At the beginning projects were mainly focused on health and training activities, but soon it was realized that what children needed the most were not only better treatments, finer hospitals and orphanages, but their first need was to be loved by somebody.
The need to belong, in a relationship with an adult, is essential to build a balanced personality.
Since then, the main efforts and the biggest investments have been routed in the direction of finding family solutions for children. The areas of search have been many : from tracing the family of origin of the child to check the possibility of a return or at least of resuming the relation with the parents, to the search of alternative families (foster families), and the establishment of welcoming homes structured as families.
In 2000 AVSI built the first family house for HIV infected abandoned children. The house, which is organized as a true family, is located at Chiajna, a village approx. 6 km far from Bucharest, and gives hospitality to 8 children coming from the hospital-orphanage of Vidra. There is a mother, a father and a brother sharing life with the other 8 children.
The house is very nice, in order to give these children, who have not been wanted by anybody, and who lived for years in inadequate and overcrowded institutes, without any significant relation, the possibility to experience beauty. The house is very large, so that each child may have adequate room, and his/her own bed, closet and desk. They go to school, do their homework and play like all other children. Children have their papa and mama as all children should have.
A second family house has been purchased and rehabilitated in the area of Pipera, in Bucharest: it will take in another 5 children. Soon they will also have the possibility to be welcomed by somebody who loves them and who calls them with their name.

Russia

Novosibisk is a large city of the Russian Federation, located in the middle of the Siberian region; it is one of the most important industrial poles and still remains one of the few scientific and cultural centers.
In recent years, economic and political instability of the whole Federation caused a serious social crisis, worsened by failure of the welfare policy. In Novosibirsk the percentage of low income, unemployable people has been increasing year after year and now, over 256.000 persons out of a 1.485.000 inhabitants, need to be supported by social services. This adds to the crisis of families with consequent increased number of abandoned or neglected children. Many women and children live in a particularly difficult situation, many are unmarried girls with a baby, unable to grow their child. Unmarried girls with children represent a category which is not recognized: only very few of them are registered at the police headquarters and receive an allowance to care for their own baby, while the actual percentage of mothers needing to be supported is much higher. Moreover dormitories for homeless people are not allowed to take in women with babies.

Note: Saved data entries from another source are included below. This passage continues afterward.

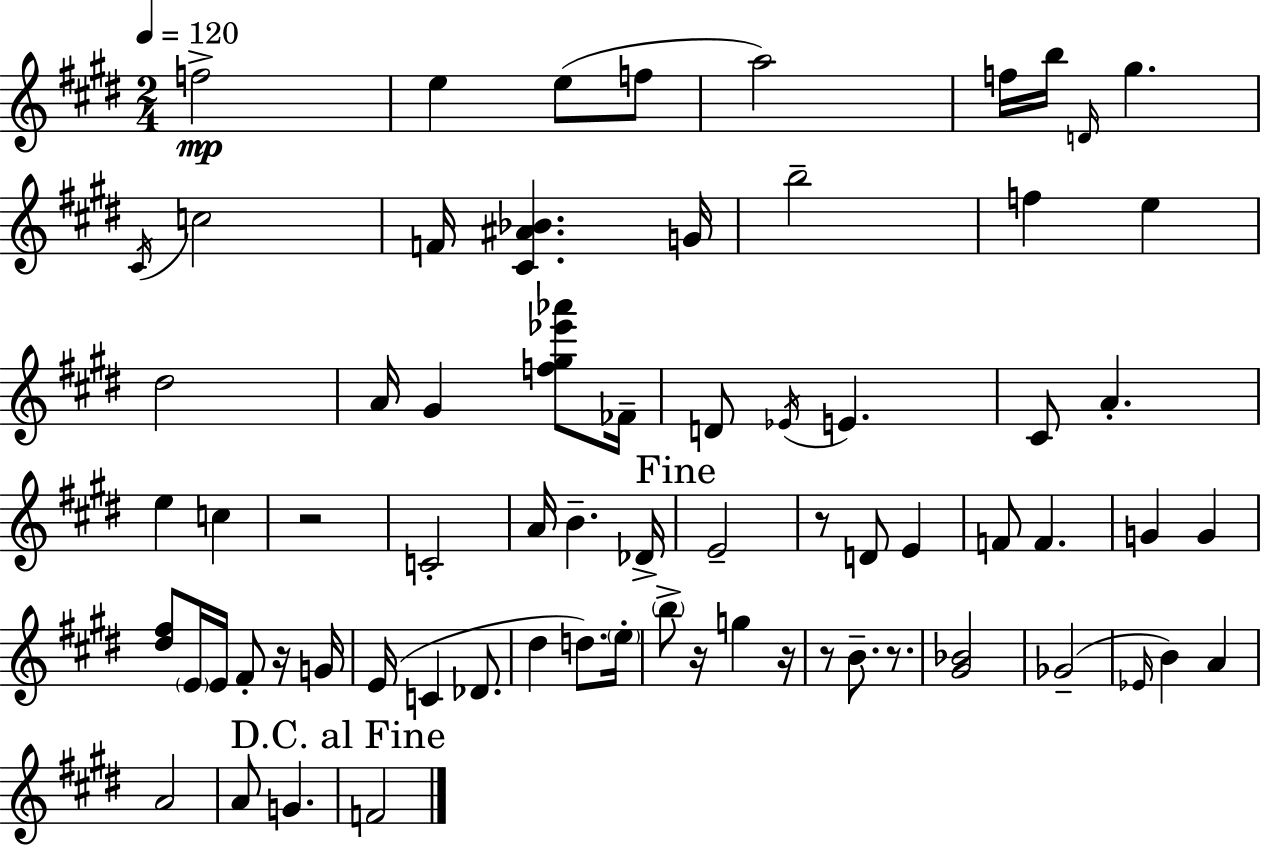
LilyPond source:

{
  \clef treble
  \numericTimeSignature
  \time 2/4
  \key e \major
  \tempo 4 = 120
  f''2->\mp | e''4 e''8( f''8 | a''2) | f''16 b''16 \grace { d'16 } gis''4. | \break \acciaccatura { cis'16 } c''2 | f'16 <cis' ais' bes'>4. | g'16 b''2-- | f''4 e''4 | \break dis''2 | a'16 gis'4 <f'' gis'' ees''' aes'''>8 | fes'16-- d'8 \acciaccatura { ees'16 } e'4. | cis'8 a'4.-. | \break e''4 c''4 | r2 | c'2-. | a'16 b'4.-- | \break des'16-> \mark "Fine" e'2-- | r8 d'8 e'4 | f'8 f'4. | g'4 g'4 | \break <dis'' fis''>8 \parenthesize e'16 e'16 fis'8-. | r16 g'16 e'16( c'4 | des'8. dis''4 d''8.) | \parenthesize e''16-. \parenthesize b''8-> r16 g''4 | \break r16 r8 b'8.-- | r8. <gis' bes'>2 | ges'2--( | \grace { ees'16 } b'4) | \break a'4 a'2 | a'8 g'4. | \mark "D.C. al Fine" f'2 | \bar "|."
}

The missing answer to this need leads many women to have an abortion even after the legally allowed period, or to abandon the newborn at the hospital. It must be noted that in Russia hundreds of thousands children are abandoned in orphanages. These are mainly state-owned institutes, while religious or lay institutions, which only in recent years started proposing other forms of hospitality, are very few, also due to inadequate laws and to excessive bureaucratization of the Russian Federation.
AVSI has been active in the area of Novosibirsk since 1995, starting with health and training projects. In 1998 it started supporting a welcoming home, taking in girls with babies and run by Caritas. Such support has been consolidating in the run of time and in 2001 AVSI has set up a new welcoming home for girls with babies. Here 5 girls live with their babies: the ten guests are first of all helped in their primary needs: house and food. True welcome is however that of giving the mother the possibility to live with her own baby, without being compelled to abandon him/her by the difficult circumstances she is experiencing; at the same time we give the child the possibility to grow with his/her mother in a significant relationship able to accompany his/her development up to the discovery of his/her identity. Hospitality is temporary, until the baby is one year old; then the girl is supported in the search of a job and of a house, where she can live independently with her own baby. However mother and child are not abandoned in the subsequent years, but the support continues both in respect of some primary needs, and mainly to continue the educational relationship with the operators who welcomed them.
While this social structure does not meet the entire need of the Siberian Region, it certainly represents an innovative example of social action: a real social alternative able to enhance the positive experience of the mother-child relationship.

Paraguay

In recent years, the attention of the public opinion in Paraguay has been drawn on the issue of children and street children. In particular it has been acknowledged how the situation of these minors worsens when the already difficult living conditions add to law violation, with the consequent punishment. Once he gets free, the minor experiencing in jail subhuman conditions, often has no alternative other than returning on the street and resuming the same style of life that previously led him to delinquency, thus originating a vicious circle.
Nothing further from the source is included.